Per-route middleware:

Route::get('/secure/{id:int}', fn()=>['ok'=>true], [
  'middleware' => ['verifySignedUrl','throttle:5,60'],
]);

Attributes also accept middleware: arrays.


Choosing the right order#

  1. Hardening & limits first → drop bad or oversized requests early

  2. Throttling before any heavy work

  3. Normalization & sanitization before reading input

  4. Negotiation before handlers (so Response::auto() has context)

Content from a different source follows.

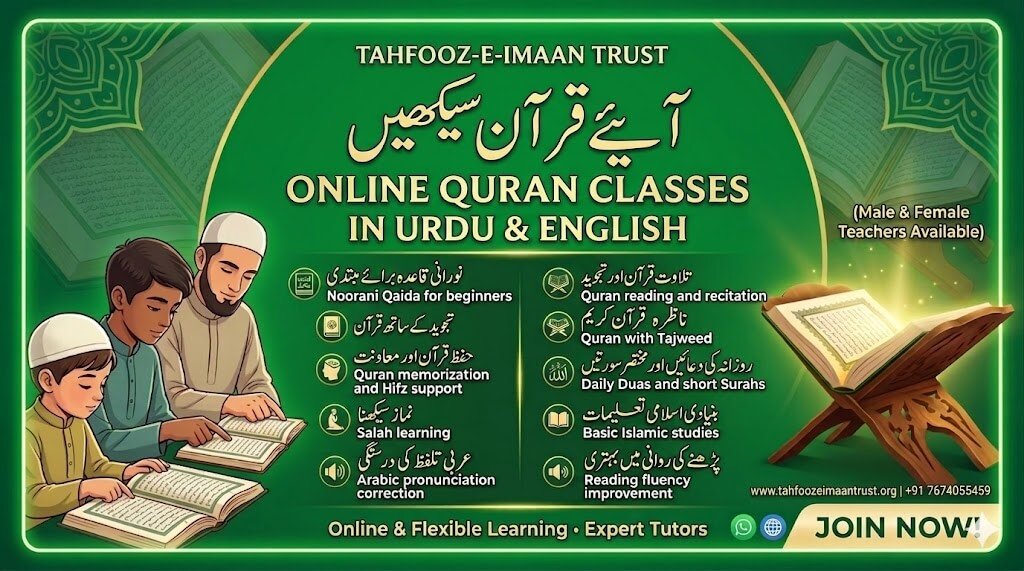 Online Quran Classes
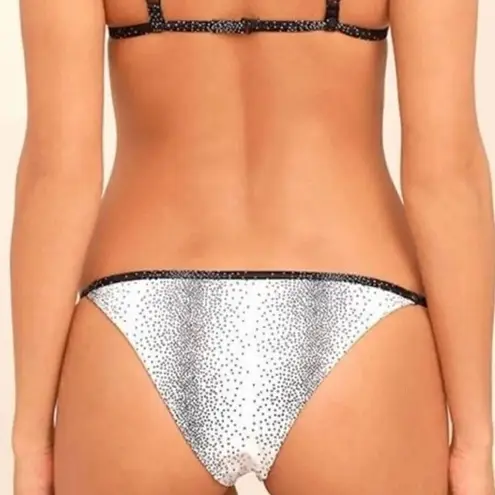 NWT Tavik Antic Full Swim Bottom in Tapioca Percy Dot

  5. Response cache / validators before handler to short-circuit

  6. Compression / CORS / Vary after handler, final shaping


Performance notes#

  • Middleware classes should be stateless or light; reuse shared services via DI.

  • Prefer header appends over string manipulation of big bodies in post-globals.

  • Use route cache warmups so matcher/registrar work is done ahead of time.

  • Avoid expensive I/O in pre-globals unless it short-circuits a lot of work.


Testing strategy#

  • Unit test individual middleware (given a request → expect headers/status).

  • Integration test the ordered stack to catch interactions (e.g., ETag + compression).

  • For throttling and response cache, add time-based tests with controlled clocks.